By Ahmed Alsayed
Ever since the first case of Covid-19 in Bahrain was discovered on February 21, 2020, the government led by HRH Prince Salman Bin Hamad Al Khalifa, the Crown Prince Prime Minister, has taken a proactive approach in combating the virus.
This approach caught the attention and admiration of the World Health Organisation (WHO), world leaders, diplomats, and health experts alike.
Professor John Ashton, former regional director of Public Health in England hailed Bahrain’s efforts and told the BBC how impressed he was with Bahrain’s handling of the pandemic. Meanwhile, WHO praised Bahrain’s comprehensive approach towards combating the virus.
Bahrain is one of a few countries in the world that opted not to go for an all out lockdown, but instead took a more practical and pragmatic approach in combating the virus. The kingdom believed in its society’s awareness and acting responsibly, as well as, it’s confidence in the ability and diligence of the National Taskforce for Combating the Coronavirus, our frontline heroes.
Necessary health and safety guidelines were introduced and precautionary measures were put in place for public gatherings to curtail the spread of the virus.
But as the number of active cases decrease, these measures are gradually eased and a sense of “life returning back to normal” is felt across the kingdom. Such approach by the government is proving successful.
The number of active Covid-19 cases, as of today, is down to 1,510 which is literally less than 0.1 percent of the population of Bahrain.

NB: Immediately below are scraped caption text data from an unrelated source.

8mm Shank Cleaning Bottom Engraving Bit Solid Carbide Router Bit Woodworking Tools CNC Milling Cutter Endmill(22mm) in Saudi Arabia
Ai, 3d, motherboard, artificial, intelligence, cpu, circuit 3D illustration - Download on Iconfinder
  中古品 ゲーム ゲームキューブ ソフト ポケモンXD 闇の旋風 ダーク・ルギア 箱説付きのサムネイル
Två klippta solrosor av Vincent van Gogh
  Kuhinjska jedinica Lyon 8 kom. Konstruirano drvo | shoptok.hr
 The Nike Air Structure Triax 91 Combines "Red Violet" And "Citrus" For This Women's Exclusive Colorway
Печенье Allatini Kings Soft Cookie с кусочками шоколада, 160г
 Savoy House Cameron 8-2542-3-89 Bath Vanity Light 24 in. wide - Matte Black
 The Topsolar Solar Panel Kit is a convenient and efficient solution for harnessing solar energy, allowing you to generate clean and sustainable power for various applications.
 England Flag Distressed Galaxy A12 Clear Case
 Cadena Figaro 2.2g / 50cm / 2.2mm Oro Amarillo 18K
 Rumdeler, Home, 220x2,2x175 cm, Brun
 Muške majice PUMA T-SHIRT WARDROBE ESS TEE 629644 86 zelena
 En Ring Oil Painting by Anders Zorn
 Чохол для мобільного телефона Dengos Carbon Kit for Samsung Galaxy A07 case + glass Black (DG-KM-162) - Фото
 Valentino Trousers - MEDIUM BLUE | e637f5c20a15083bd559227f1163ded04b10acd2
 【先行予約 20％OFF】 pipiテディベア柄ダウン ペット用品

So, how do we maintain this flattening of the curve and reduce the numbers even further, until we finally achieve zero cases in Bahrain?
Most would agree that the battle is not over yet and that the continued adherence to health and safety guidelines, including testing and isolation, together with social distancing and mask wearing, are still necessary.
But, given the promising steady reduction of active cases, the real question is not If, but when will it be ‘zero’?
With the current rate of new cases vs recoveries, it is fair to be cautiously optimistic, and estimate that ‘zero’ can be achieved by the end of 2020 if we continue to act responsibly until then.
What better way to end this extraordinary year and start 2021 than with an achievement of such magnitude.
Just like Bahrain impressed the world with the way it handled and contained the virus at the start, we have an opportunity to do the same again by eliminating the virus all together and start the new year with a clean slate. Bahrain, though small in size, can be a big role model for how to effectively combat this pandemic.
The recent announcement by the government that the vaccine will be available for everyone living in Bahrain is a further assurance that ‘zero cases’ is not only achievable, but can also be maintained indefinitely once the vaccine is out.
While some parts of the world are currently experiencing an unfortunate second wave of the pandemic, Bahrain seems to have weathered the storm and at this rate is slowly but surely on its way to having zero cases. Team Bahrain can do this.